What if one sentence spans multiple newlines? Won't it be counted as two or more sentences?

Also, I don't understand exactly what the sub command is doing?

thank you
# 6  
Old 08-07-2017
If what you want to do is separate records at points where the last character on a line is a <period>, <question-mark>, or <exclamation-point>, you probably want to use:
Code:
RS="[.?!]$"

as rdrtx1 suggested.

Using RS="[.?!;:]" splits records on <period>, <question-mark>, <exclamation-point>, <semicolon>, and <colon> anywhere on a line.

Using RS="[^\"Mr.\"][.?!]" splits records on any two character sequence where the first character is not a <backslash>, <double-quote>, <uppercase-M>, <lowercase-r>, <period>, <backslash>, or <double-quote> and the second character is a <period>, <question-mark>, or <exclamation-point>. This ERE makes no sense to me for this use.

If, in addition to splitting when a set of characters is found at the end of a line, you also wanted to find that set of characters followed by two <space> characters (which is the common way of separating sentences in old fashioned text files), you could use:
Code:
RS="[.?!](  |$)"

Note that most of the above is talking about gawk and does not necessarily apply to other standards-conforming versions of awk.
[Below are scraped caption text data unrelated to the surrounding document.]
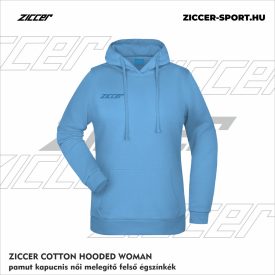  ZICCER COTTON HOODED WOMAN pamut kapucnis melegítő felső női égszínkék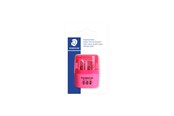 Skrive- & Tegneverktøy - Staedtler D-hole tub sharpener neon pink bc - 51260F20BK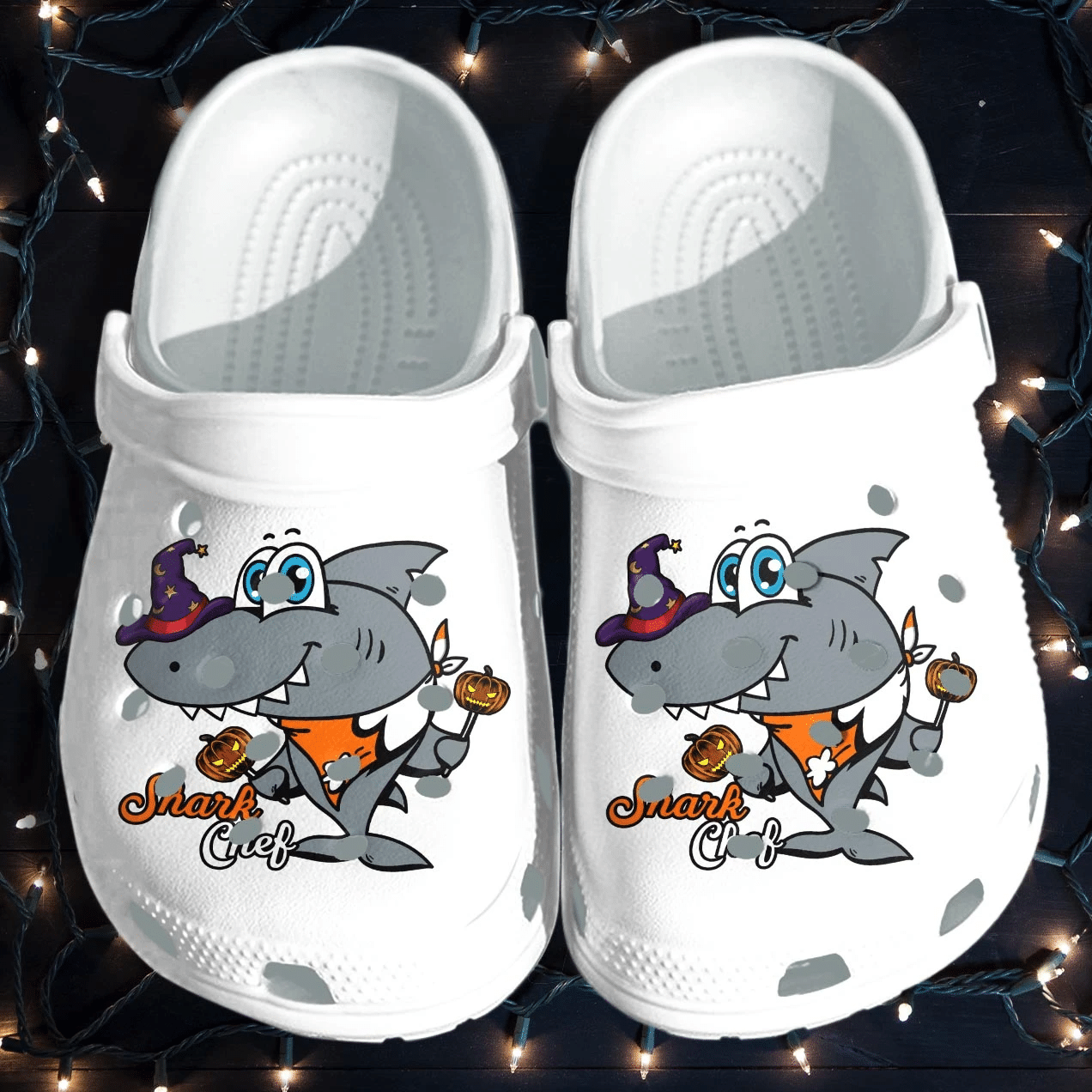 Shark Chef For Halloween Party Shoes Clog Crocs Crocband Clog Birthday Gift For Boy Girl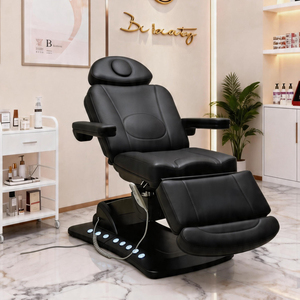 Electricre Beauty Waxing - Lit de soin pour cils et esthétique, réglable, ergonomique, avec revêtement en tissu, économique, rose - Product Image 1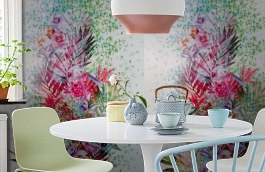 Обои BM26114 фото в интерьере кухни превью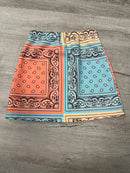 Patchwork Bandana Skirt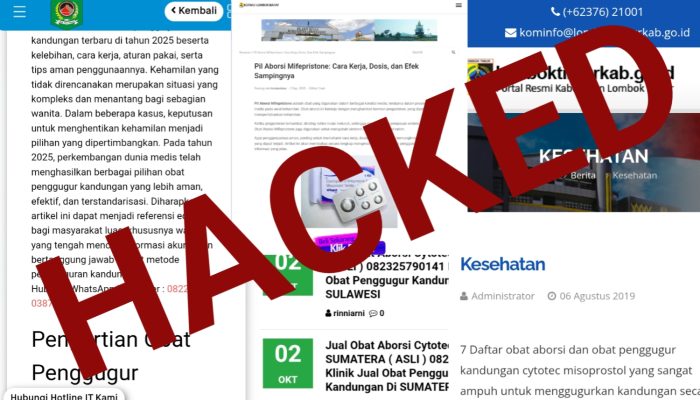 Website Resmi Pemerintah di NTB Diretas, Jadi Etalase Iklan Obat Aborsi Ilegal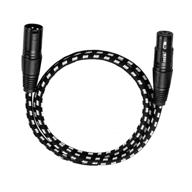 vandesail xlr cable 6ft: professional grade 3-pin xlr male to female mic cord for shure, behringer, speaker systems, and more logo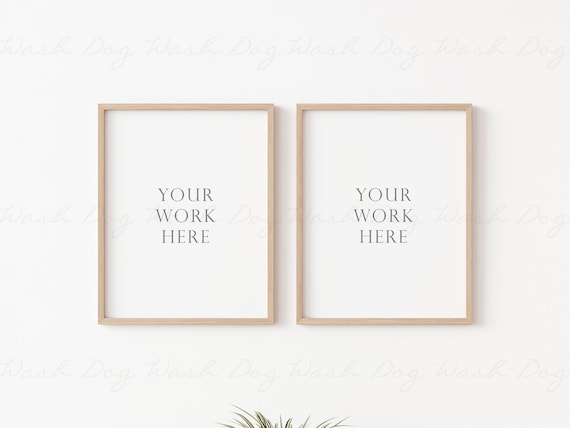 Two vertical mockup, 11x14 vertical mock, Two vertical wood frame, Vertical two frame mock, Art print mockup, Frame, 2 vertical frame wood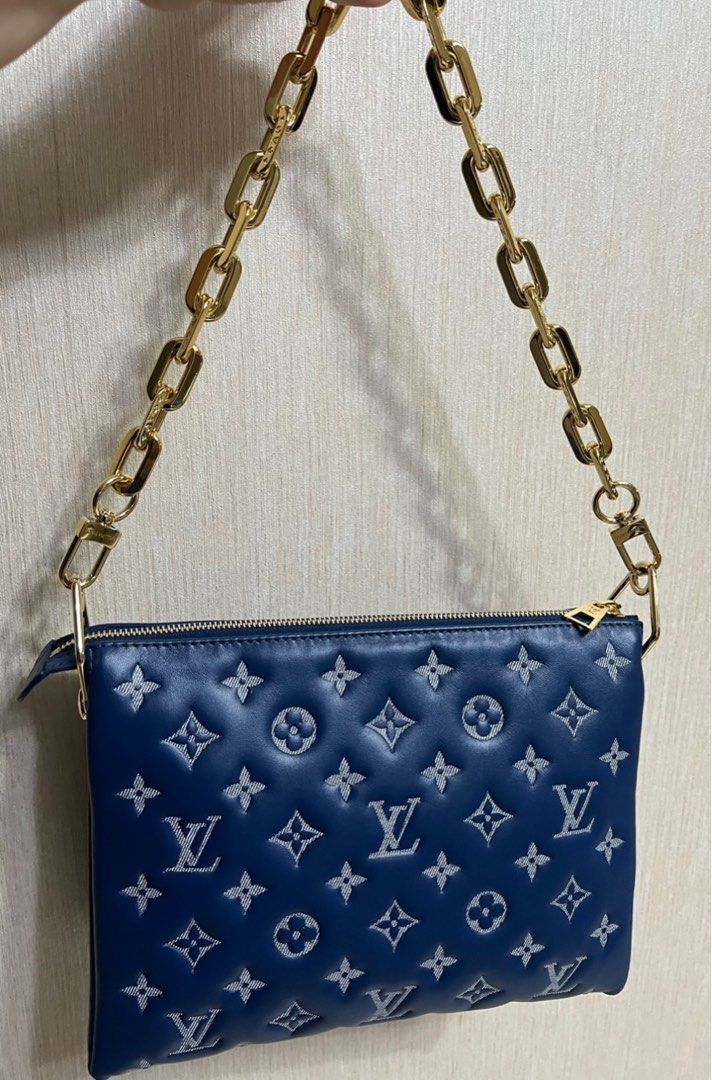Authentic Louis Vuitton Nano Speedy Navy Denim Bleu, Luxury, Bags & Wallets  on Carousell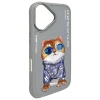 Чехол Nimmy Glasses Cool Cat для iPhone 16 Gray (N-YJ-IP16-05-B)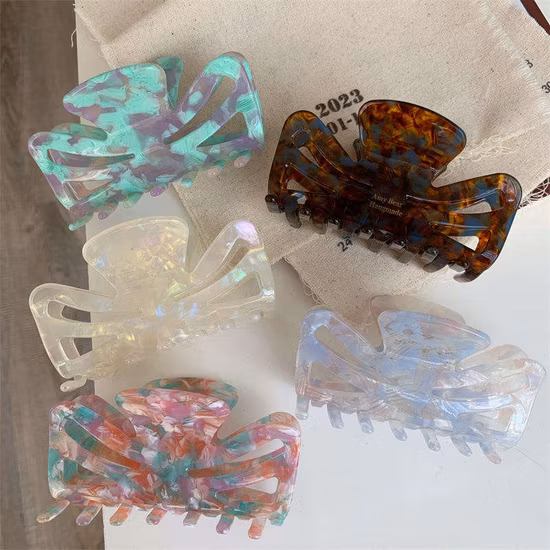 Grampos de garra de plástico para cabelos grossos, garras de cabelo grandes coreanas de tamanho grande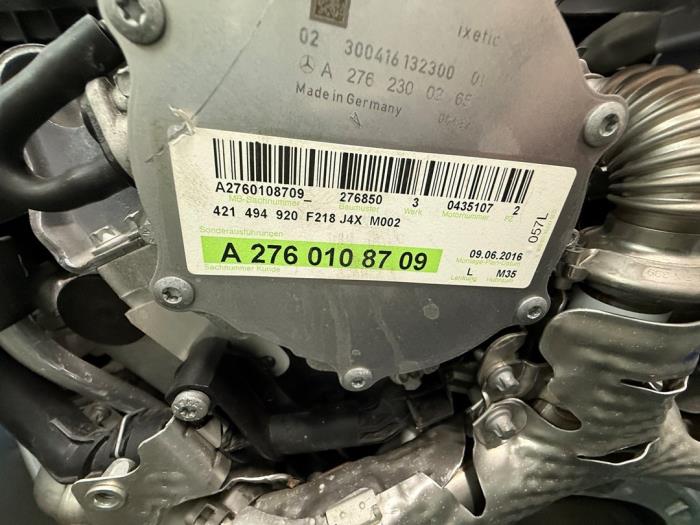 Motor van een Mercedes-Benz E (W212) E-400 3.5 V6 Turbo 2016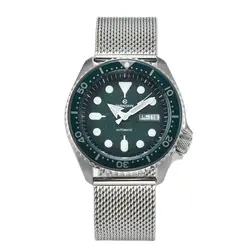 PARNSRPE 41MM NH36 20bar Men's automatic diving watch Bracelet 3.8 Crown sapphire crystal Luminous pointer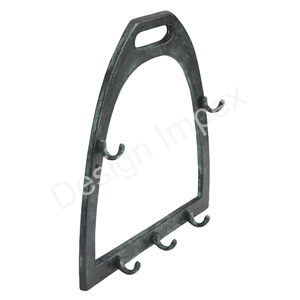 Ganchos de estribo de caballo de Estilo Vintage montados en la pared Juego de ganchos de metal más modernos de 2 artesanías de metal hechas a mano de estilo europeo - Product Image 5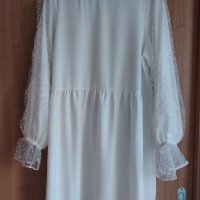 AYNAZ - бяла рокля, снимка 1 - Рокли - 40531038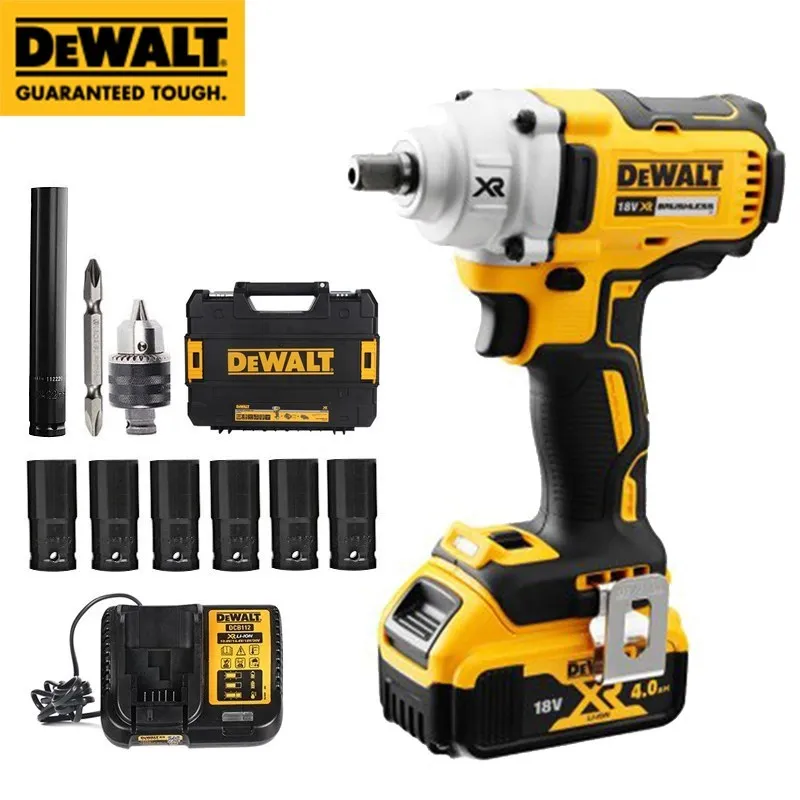 

Гайковерт DEWALT ударный Аккумуляторный с бесщеточным двигателем и литиевой батареей, 1/2 дюйма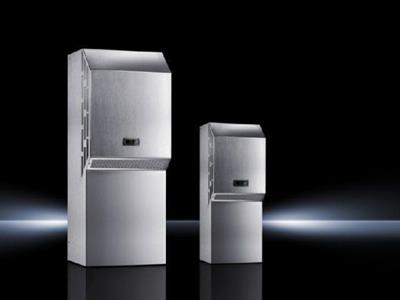 Rittal SK 3328.544 Blue e Yan Panel/Kapı Monteli Klima – NEMA 4X, 2,0 kW, 400 V, Paslanmaz Çelik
The standards state that it if more than one character is assigned to RS, it is unspecified whether RS is treated as a multi-character ERE that acts as the record separator or only the 1st character assigned to RS acts as the record separator. If RS is set to an empty string, the record separator is a sequence of two or more adjacent <newline> characters.

The default record separator is a <newline>. When RS is set to something other than a <newline>, <newline> (in addition to whatever FS is set to) is a field separator.
These 2 Users Gave Thanks to Don Cragun For This Post:
# 7  
Old 08-08-2017
Hi Don,

I'm trying to capture an english sentence in a record.
This sentence could be very long and span multiple lines in a file.

My perfect record separator would be a period, exclamation point, question mark, semicolon or colon.

However, my code sees the word "Mr." it thinks that's the end of the sentence because of the period that is part of Mr. So I want it detect that "Mr." is NOT part of the record separator.

Semantically:
Not (Mr.) but ok with any of these [.!?;:]

But syntactically I don't know how to do this, I'm trying like this:
Code:
 RS = (^Mr. | [.!?;:])

But its not working?
Moderator's Comments:
Mod Comment Please use CODE tags when displaying sample input, output, and code segments (as required by forum rules).

Last edited by Don Cragun; 08-08-2017 at 01:15 AM.. Reason: Add CODE tags.